Kamis 15 Sep 2016 12:00 WIB

Menghidupkan Kembali 'Ruh' Pelabuhan Cimanuk Tempo Dulu

Masjid Agung Indramayu (ilustrasi).
Foto: Blogspot.com
Masjid Agung Indramayu (ilustrasi).

REPUBLIKA.CO.ID, Sungai Cimanuk, merupakan salah satu sungai terpanjang yang terdapat di Provinsi Jawa Barat. Sungai ini mengalir dari hulu yang berada di sekitar Garut, kemudian melawati Sumedang, Majalengka hingga berakhir ke hilir di daerah Indramayu. Sungai Cimanuk merupakan salah satu ikon kota Indramayu. Sebagaimana fungsi umum sebuah sungai, yakni sumber kehidupan: air untuk kebutuhan rumah tangga, air untuk pesawahan, air untuk ladang dan kebun, air untuk perikanan darat, dan fungsi sungai saat musim hujan, Cimanuk ternyata juga menyimpan jejak sejarah yang sangat panjang.

Dulu, Cimanuk merupakan nama pelabuhan. Pengelana Portugis, Tome Pires (1513) mencatatnya sebagai pelabuhan kedua terbesar setelah Sunda Kelapa. Pelabuhan lainnya adalah Bantam (Banten), Pontang (Pomdam), Cheguide (Cigede), Tamgaram (Tangerang), dan Calapa (Kelapa).

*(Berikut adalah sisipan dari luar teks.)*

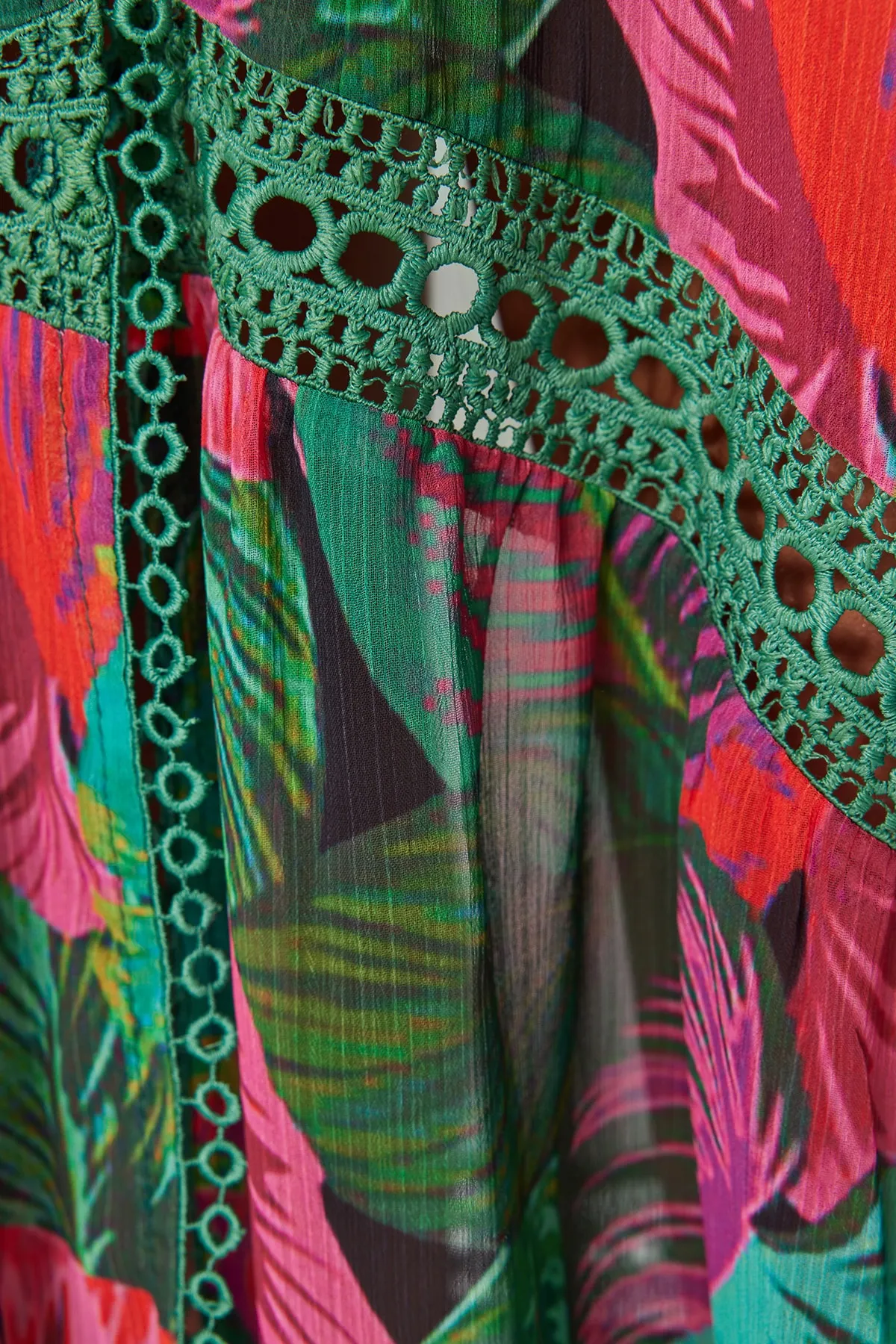 Trendyol Collection  Tropisch gemusterter Maxi-Kimono und Kaftan aus gestricktem Chiffon mit Streifen-Accessoires TBESS23KM00002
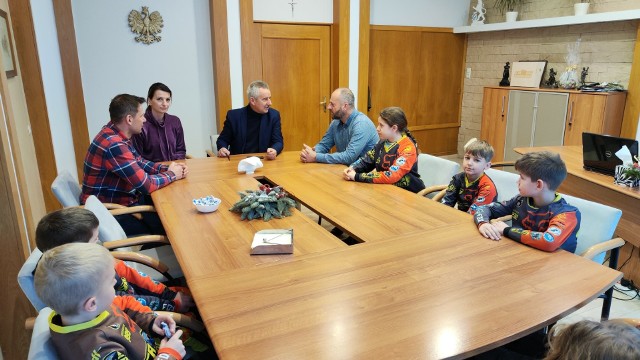 Wyjątkowi goście odwiedzili we wtorek (9.01.2024) Tadeusza Kowalskiego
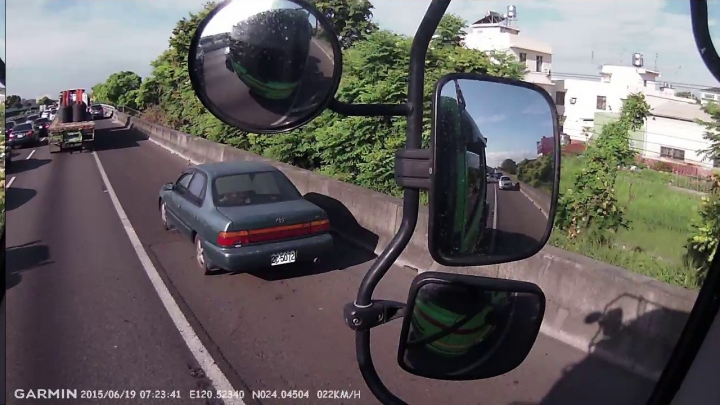 為什麼檢舉這些車輛走路肩沒有開罰?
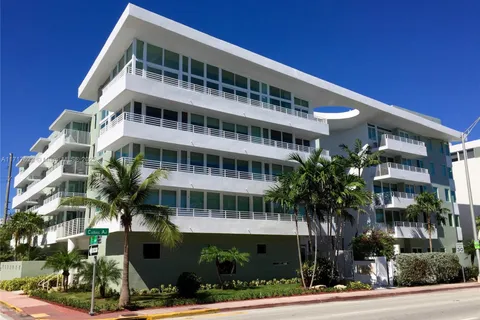 7800 Collins Ave # 301, Miami Beach FL 33141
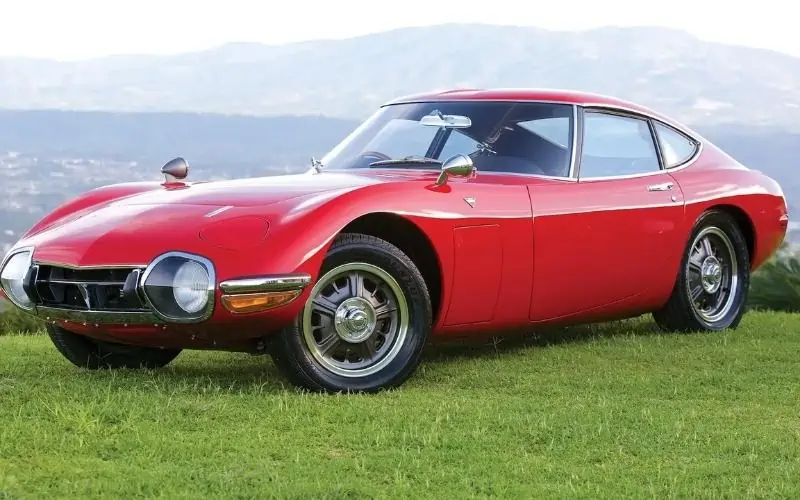 1967-Toyota-2000-GT-Solar-Red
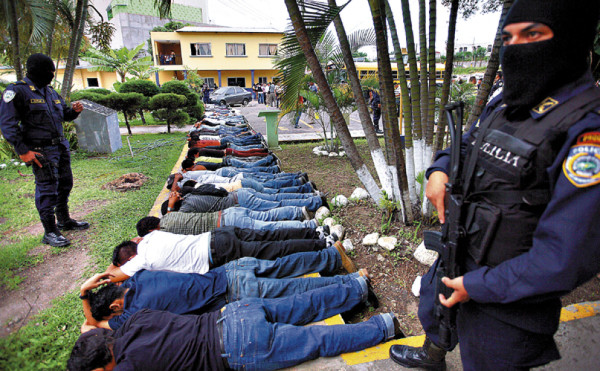 Policía detiene a pandilleros que iban a sepelio de un compinche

Peta pulau Jawa dalam buku Da Asia, Decada IV (Barros, ed. Joao Baptista Lavanha: 1615)  memaparkan, Sungai Cimanuk (Chiamo atau Chenano) memisahkan wilayah Sunda dengan Jawa. Sungai Cimanuk merupakan batas di antara kedua kerajaan, Sunda dan Majapahit.

"Jejak pelabuhan itu kini nyaris tidak diketemukan lagi, selain beberapa elemen-elemen kecil semacam patok-patok besi tempat menambatkan kapal-kapal yang berlabuh," ujar pemerhati budaya Indramayu, Supali Kasim saat dihubungi Republika Online, semalam.

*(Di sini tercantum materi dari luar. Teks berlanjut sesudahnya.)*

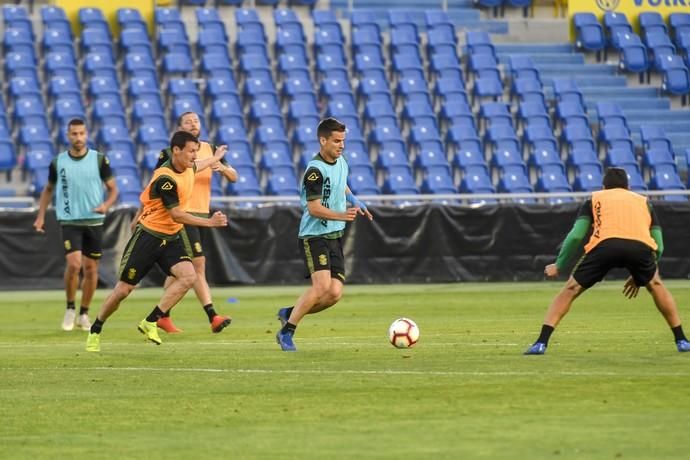 DEPORTES 05-03-19  LAS PALMAS DE GRAN CANARIA.  Primer entrenamiento de Pepe Mel. FOTOS: JUAN CASTRO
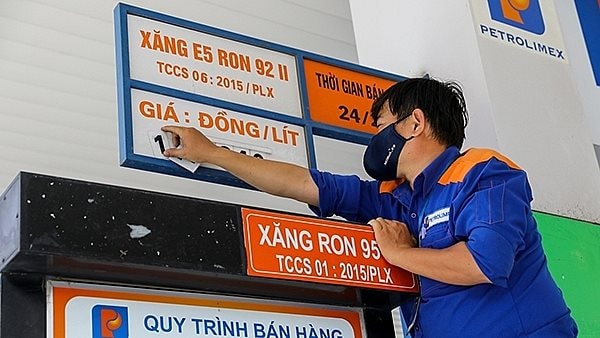 Giá xăng giảm mạnh về mức thấp nhất gần 4 năm qua - Ảnh 1.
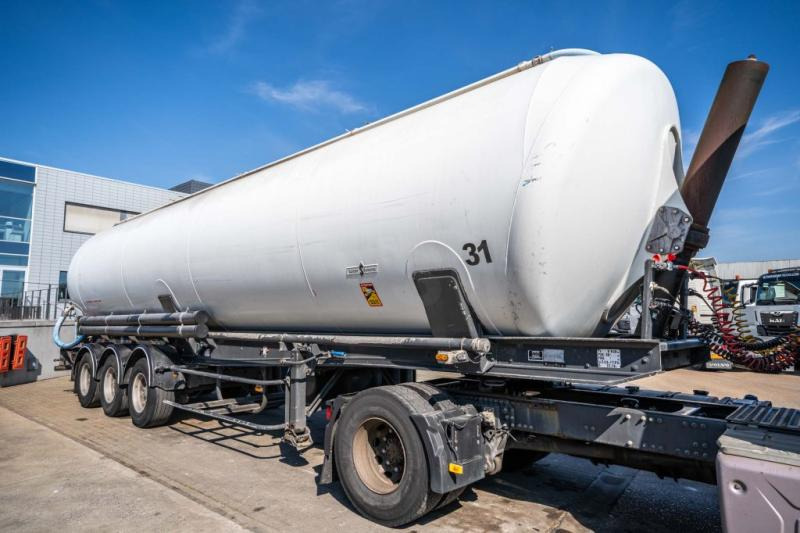 SPITZER SILO SK2460- ALU 60m3 - Poluprikolica: slika 2 SPITZER SILO SK2460- ALU 60m3 - Poluprikolica: slika 2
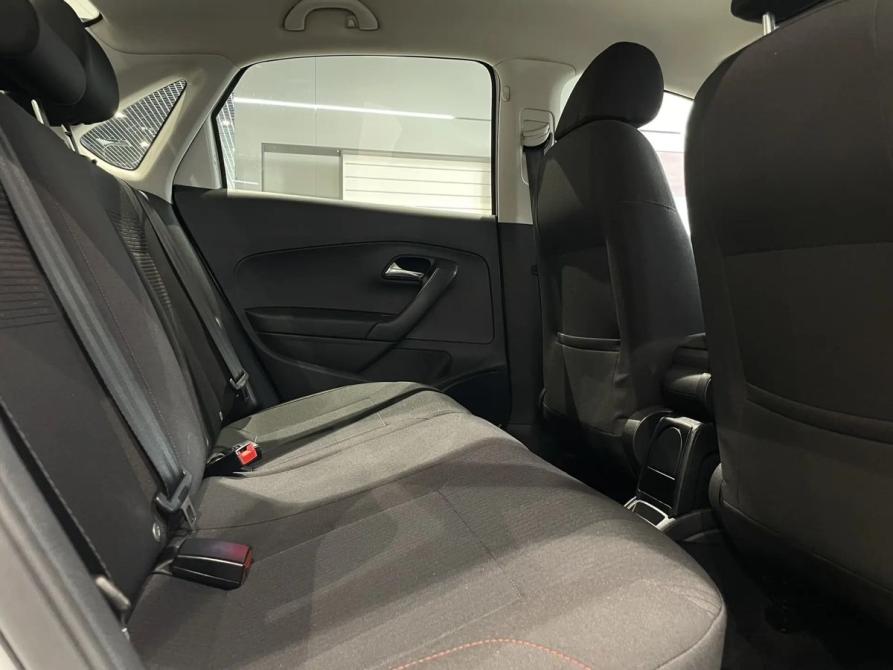 Volkswagen Polo V Рестайлинг Москва  - изображение 12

Hal itu, ucap dia, mengingatkan betapa pentingnya peran Pelabuhan Cimanuk hingga abad ke-16. Selain, bagaimana terjadinya nama-nama desa di sekitarnya, juga adanya akulturasi yang terjadi antara pedagang Arab dan Cina, kemudian pengaruh dari Eropa terhadap masyarakat pribumi yang berbahasa Jawa-Indramayu di sekitar wilayah yang kini bernama Indramayu.

Pada masa itu, ungkap Supali, badan Sungai Cimanuk cukup lebar sehingga dapat dilalui kapal dari lepas pantai hingga menuju pusat kota di Desa Dermayu. Lokasi pelabuhan diperkirakan terletak di sebuah wilayah, yang kini bernama Kecamatan Pasekan. Jejak yang cukup penting antara lain beberapa desa yang namanya merujuk pada istilah pelabuhan.

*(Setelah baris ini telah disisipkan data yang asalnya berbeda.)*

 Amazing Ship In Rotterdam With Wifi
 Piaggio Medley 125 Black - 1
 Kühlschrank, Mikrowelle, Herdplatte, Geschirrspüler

Di wilayah ini, terdapat empat desa yang merujuk pada aktivitas yang berhubungan dengan kegiatan pelabuhan. Desa Pabean (kini menjadi Desa Pabean Ilir, Kecamatan Pasekan, dan Desa Pabean Udik Kecamatan Indramayu) berasal dari kata 'bea' yang berarti pajak atau cukai. Desa Pagirikan (Kecamatan Pasekan) berasal dari kata 'girik' yang merujuk pada surat izin keluar masuk daerah pelabuhan. Desa Pasekan (Kecamatan Pasekan) berasal dari 'pasek' yang berarti penyimpanan barang bongkar muat kapal. Maraknya kegiatan pelabuhan meluas hingga Desa Paoman (kini Kelurahan Paoman Kecamatan Indramayu). Paoman berasal dari kata 'omah' lalu menjadi pa-omah-an, yang merupakan perumahan para pegawai pelabuhan.

Beberapa situs juga berada di sekitar Cimanuk. Makam Pangeran Guru (Aria Dilla atau Aria Damar) berada di sekitar tepian Sungai Cimanuk, yakni di Desa Dermayu, Kecamatan Sindang. Di makam tersebut terdapat lambang regalia 'Surya Majapahit', sebab Aria Damar merupakan keturunan Bupati Palembang, keturunan Majapahit (Brawijaya V). Makam Arya Wiralodra, pendiri Indramayu yang berasal dari Bagelen Purworejo, di tepi barat Sungai Cimanuk atau Blok Krapyak, Desa Sindang, Kecamatan Sindang.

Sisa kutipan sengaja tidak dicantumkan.